THIS. This is why self care is so important. This is why I believe addiction is a family disease - because not only do their behaviors hurt us, but because they start to affect our own behaviors as well.
My husband is a recovering addict and it took a lot of work on myself to learn that the best way to manage expectations is to let them go. I’ve heard in Al-Anon and the recovery community that “Expectations are premeditated resentments.” I had to stop letting my visions of what things were “supposed to look like” take control of my reactions. It wasn’t helping. I just ended up disappointed and resentful when things didn’t go like I thought they would. I learned that I have no control over anything or anyone except myself, so how could I assign certain outcomes to people or situations?

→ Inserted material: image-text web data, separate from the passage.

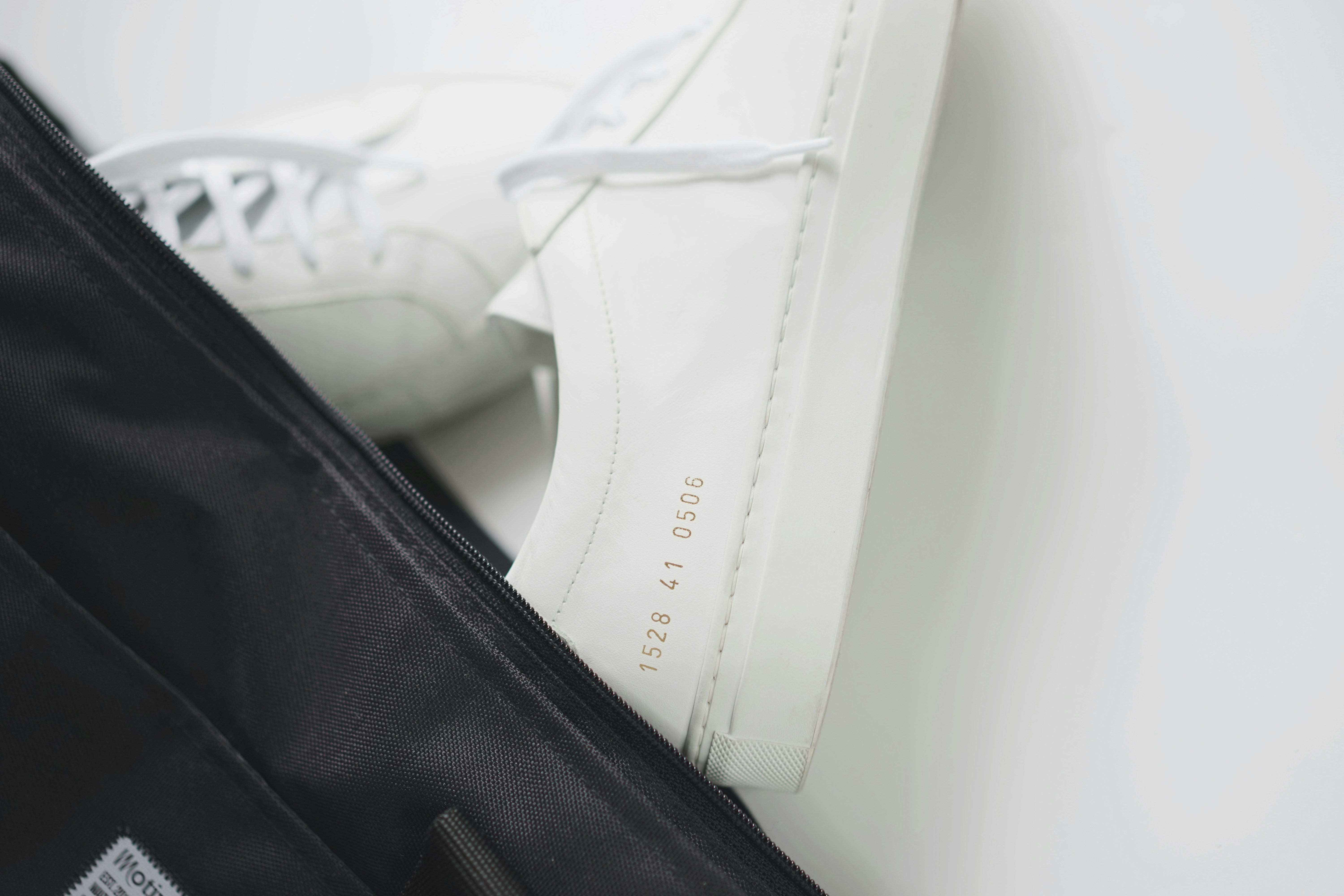 a pair of white shoes sitting on top of a black bag
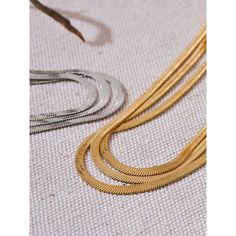 This necklace features a long, flat chain that mimics the sinuous movement of a snake, creating a tactile and visual appeal. The design is minimalist yet striking, with a smooth, reflective surface that glimmers in the light. Crafted from high-quality materials, the necklace is both durable and comfortable to wear. Its length makes it ideal for stacking with other necklaces for a layered look, or it can be worn alone as a statement piece. Metals Type: STAINLESS STEEL Material: Metal Style: TREND Minimalist Snake Chain Necklace With Adjustable Chain, Modern Herringbone Necklace With Delicate Chain, Minimalist Metal Snake Shape Chain Necklace, Minimalist Metal Snake-shape Chain Necklace, Adjustable Gold-plated Snake Chain Necklace, Gold-tone Tarnish Resistant Snake Chain Necklace, Snake-shaped Metal Necklace With Adjustable Chain, Gold Snake-shaped Metal Necklace, Stacked Necklaces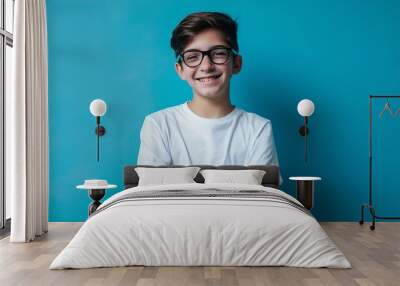 Portrait of smiling attractive teenage boy wearing eyeglasses with crossed arms looking at camera isolated on blue background Vision health care : Generative AI Wall mural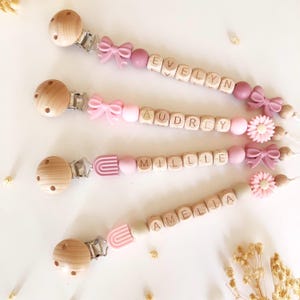 May include: Four baby pacifier clips with wooden beads spelling out names. Each clip has a wooden round clip, a metal clip, and pink accents, including bows and flowers. Names include Evelyn, Audrey, Millie, and Amelia.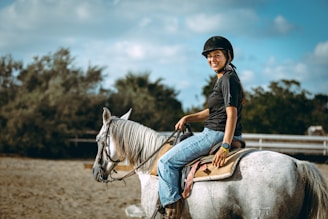 Woman smiling while riding a white horse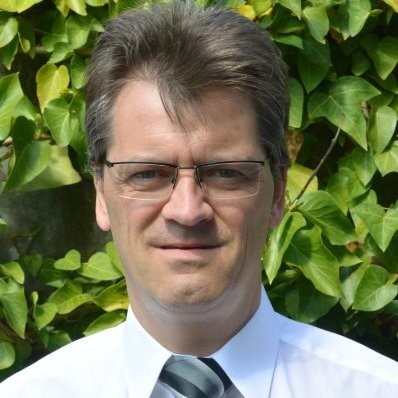 Porträt eines Mannes mit Brille in weißem Hemd und gestreifter Krawatte vor grünen Blättern.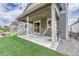 A backyard patio area with two hammocks, seating, and outdoor space at 10887 Endeavor Dr, Parker, CO 80134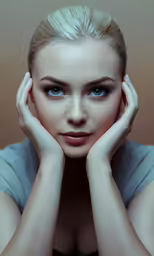 a woman with blond hair is posing for the camera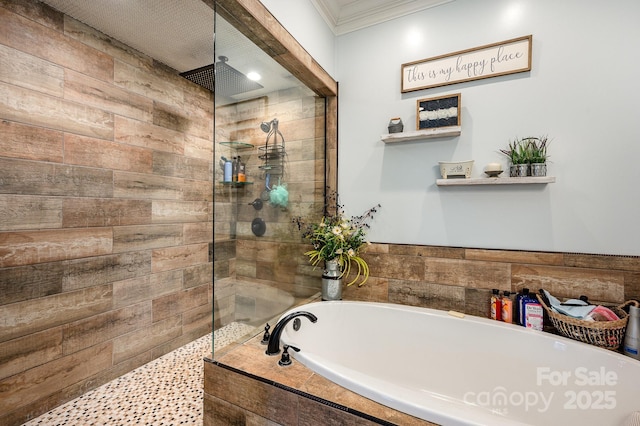 bathroom featuring a walk in shower, ornamental molding, and a bath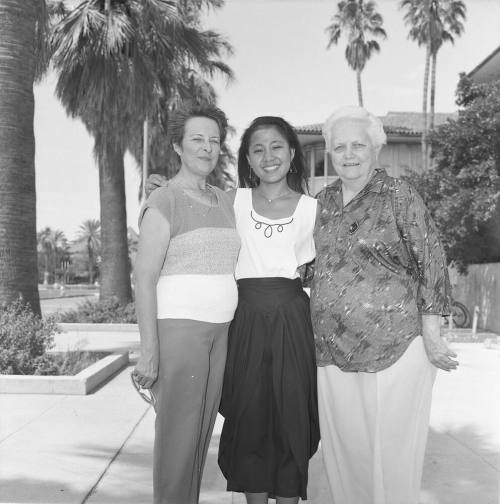 Portrait photo of a smiling girl w/ family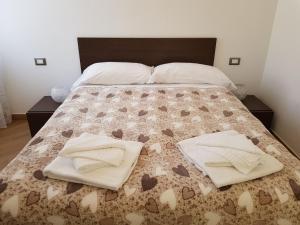 een bed met twee witte handdoeken erop bij Ca Messina in Monterosso al Mare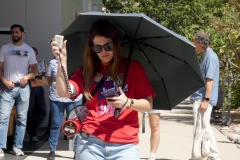 Jena Kruhmin, CCE Vice President of Membership, leads a chant at the "March in March" event on Thursday, March 12, in the LRC Plaza.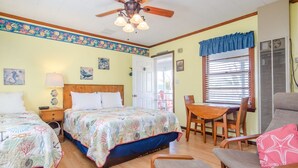 Une chambre avec deux lits, un ventilateur de plafond, une table avec des chaises et une fenêtre avec des stores.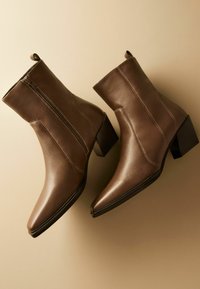 Bottines en cuir marron au design élégant, avec des pointes pointues, des zips latéraux et des talons carrés. Les détails de couture ajoutent de la texture et de la dimension.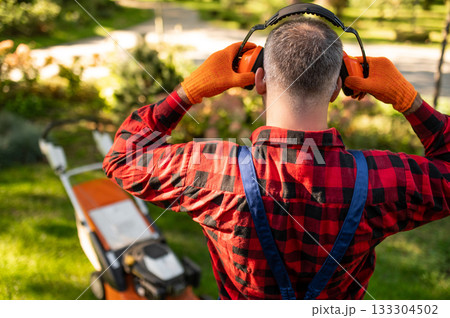 Landscaper touching hearing protection gear posing backwards Landscaper touching hearing protection gear posing backwards 133304502
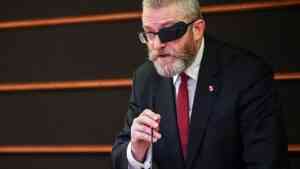 Grzegorz Braun w garniturze i opasce na oku mówi do mikrofonu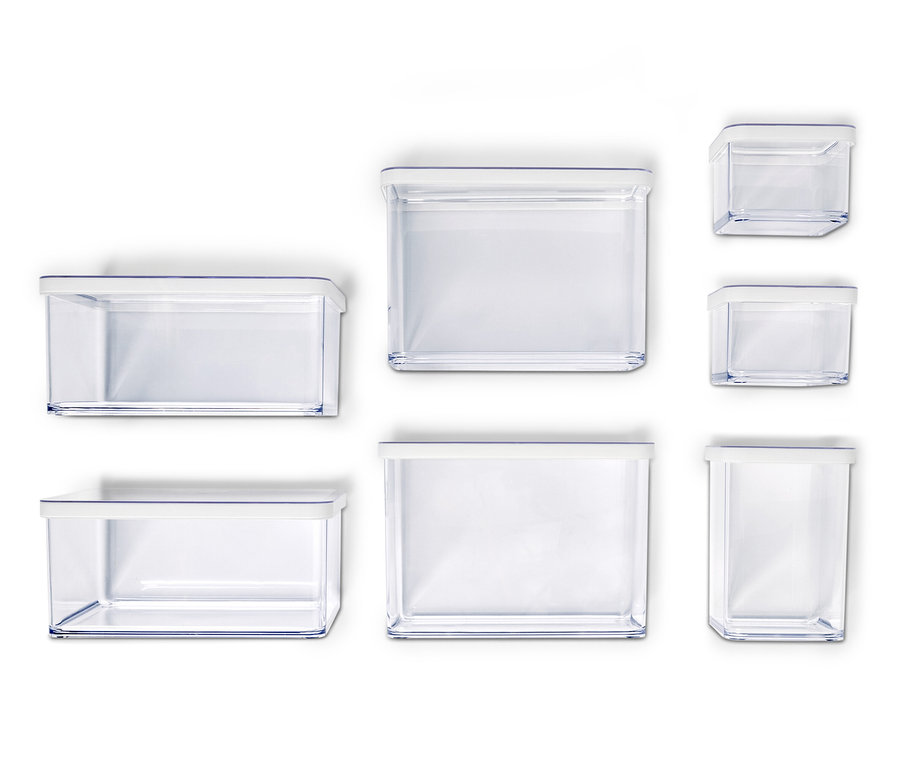 Hét üres, átlátszó tárolóedény fehér fedőkkel, különböző méretekben, fehér háttér előtt elrendezve.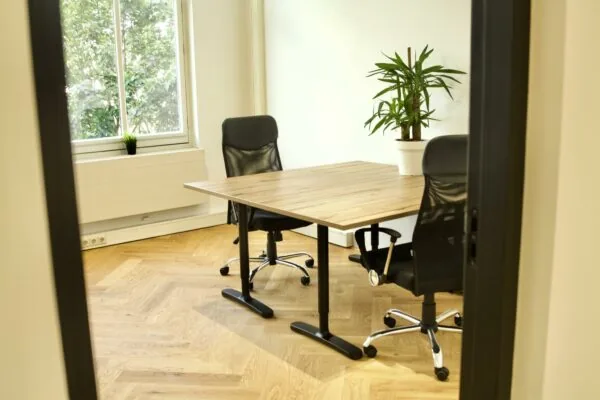 Kleine vergaderruimte met twee bureaustoelen, een houten tafel en een plant, gezien vanaf de deuropening in Westplein.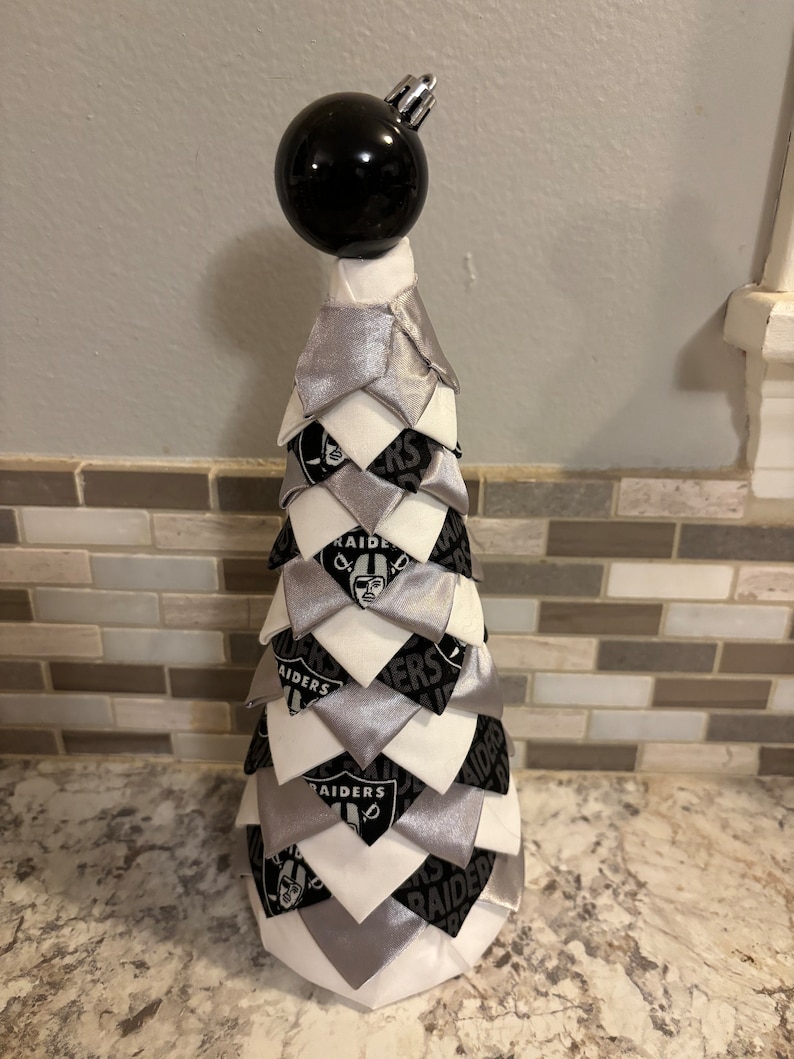May include: A black and white fabric Christmas tree with a black ornament on top. The tree is decorated with the Las Vegas Raiders logo.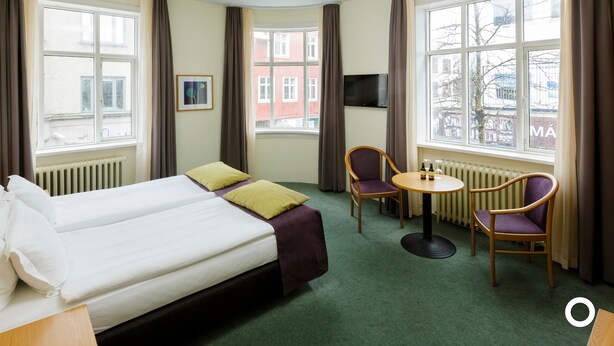 Une chambre d’hôtel avec un lit, deux chaises, une petite table et un téléviseur.
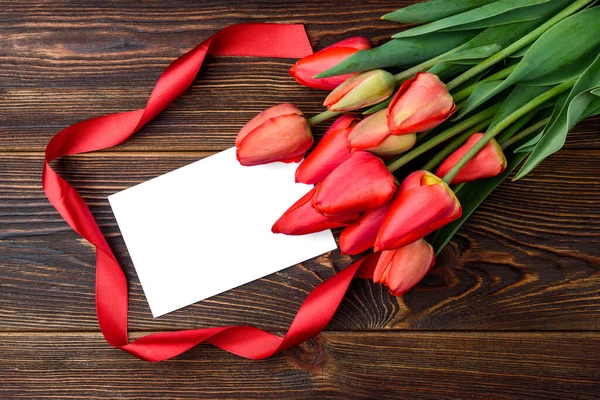 Červené Tulipány Červenou Stuhou Blahopřání Tmavém Dřevěném Pozadí — Stock fotografie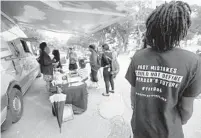  ?? WILFREDO LEE/AP ?? In this Oct. 22, 2018 photo, people gather around the Ben & Jerry’s “Yes on 4” truck as they learn about Amendment 4 and eat free ice cream at Charles Hadley Park in Miami.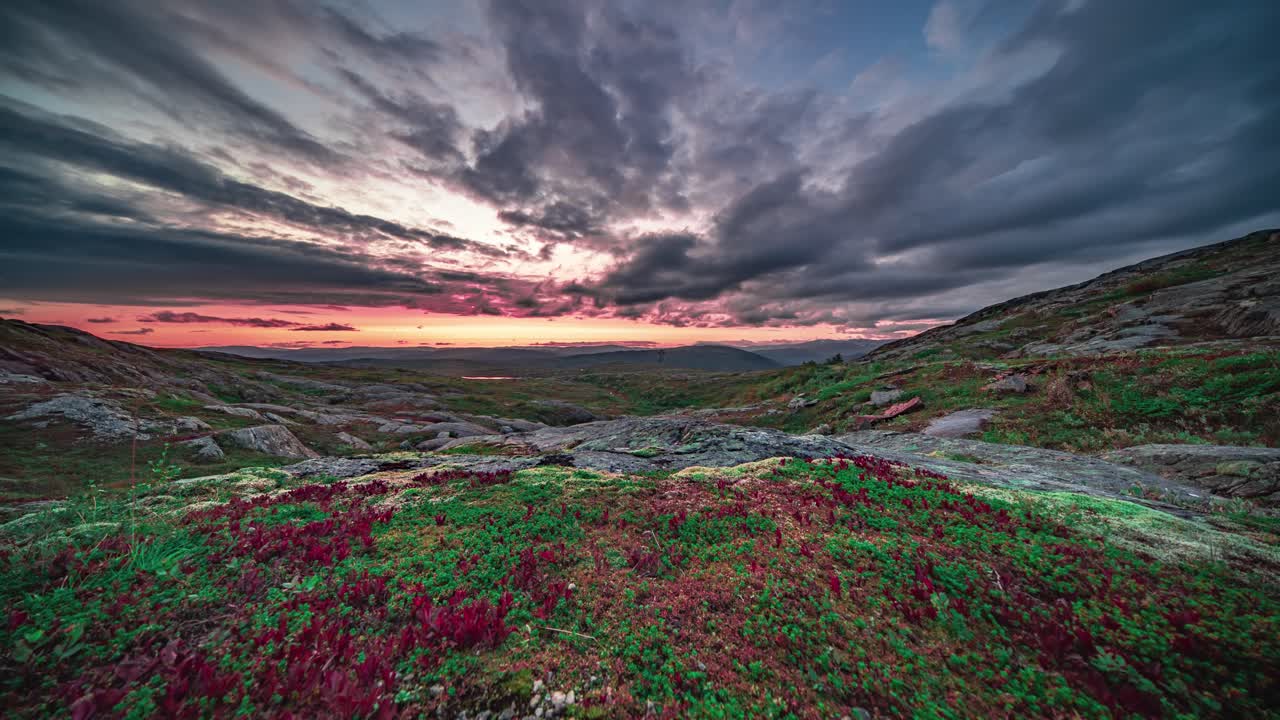nubes oscuras y tormentosas iluminadas por el sol rojo que se pone giran sobre el colorido paisaje de la tundra de otoño.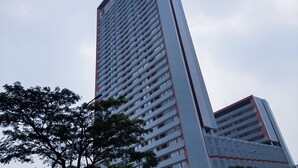 A tall, modern building with a grid-like facade and balconies. - Luxurious and Comfy 2BR Paddington Heights Alam Sutera Apartment (Tangerang)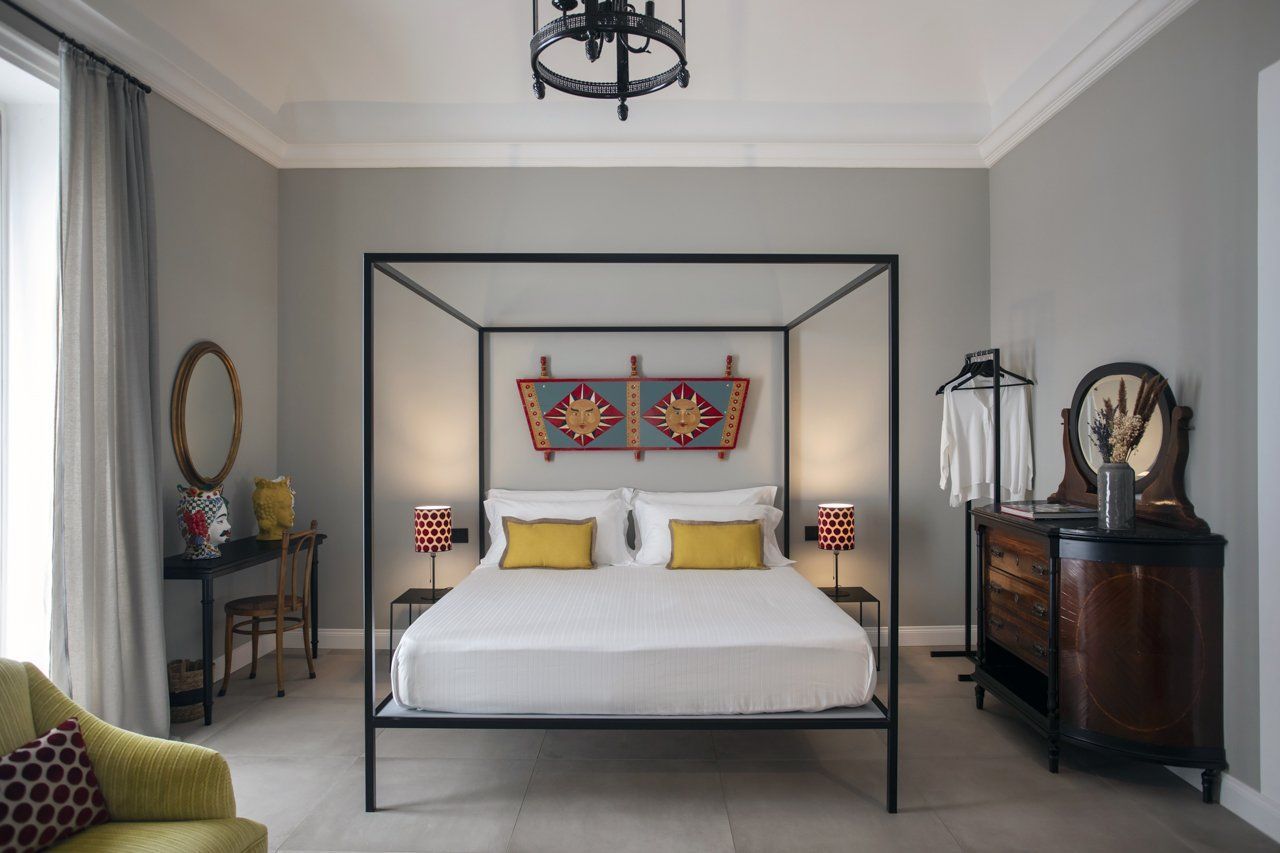 Chambre avec lit à baldaquin, murs gris, meubles anciens et touches de jaune.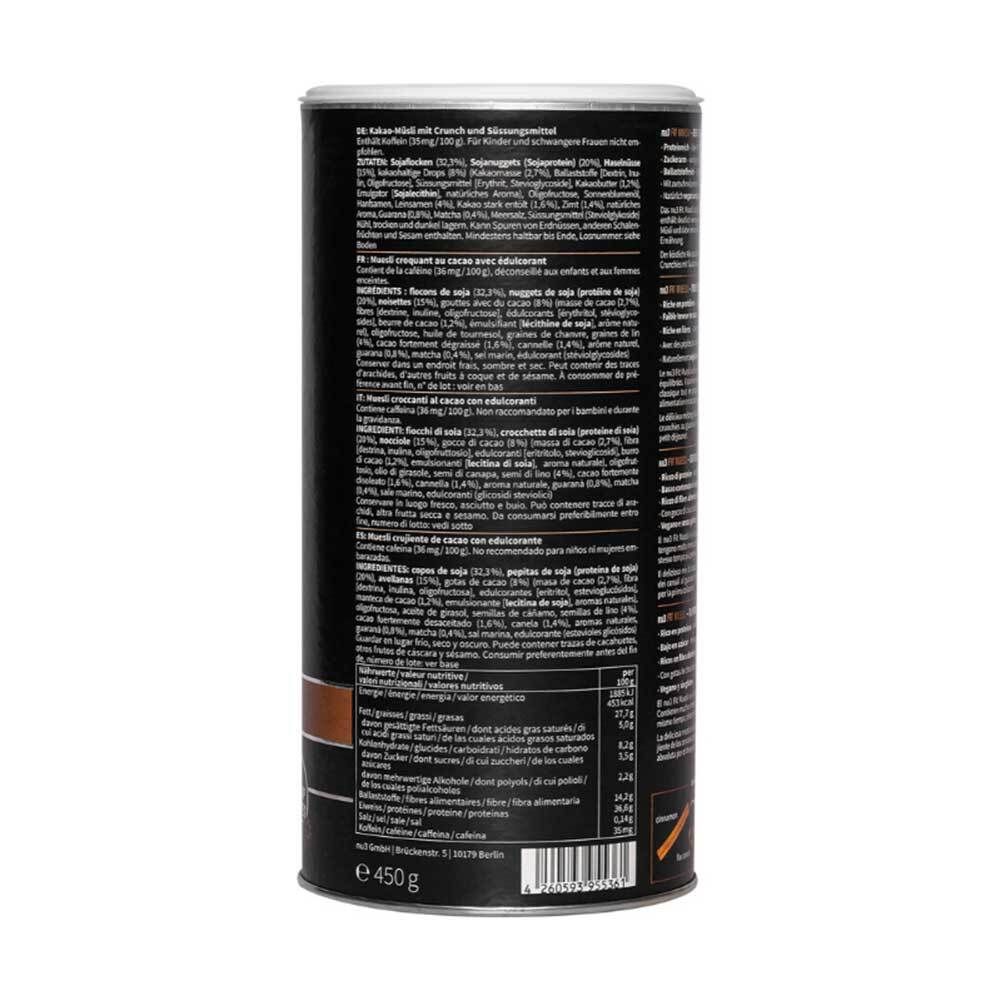 Zylinderförmige Dose mit Text. Zutatenliste, Nährwertangaben. Marke: nu3. Produkt: Fit Müsli Cacao Crunch.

I learned to let go of my expectations of what recovery was supposed to look like. Every recovery is different. Recovery is not linear. There will be slips and relapses. Change is hard for anyone, and instead of seeing his slips as a failure, I tried to see the positive. He wanted to get clean. He was working at it but it was just difficult for him. I learned to replace expectations with trust - trust in myself and in a higher power that even if things don’t turn out the way I think or expect them to, it’s going to be ok. I have hope and faith. I am grateful for progress, not perfection.
I hope you find my story helpful. I know every story is different, and it’s extremely difficult when your loved one is in active addiction. I hope you’re able to find peace.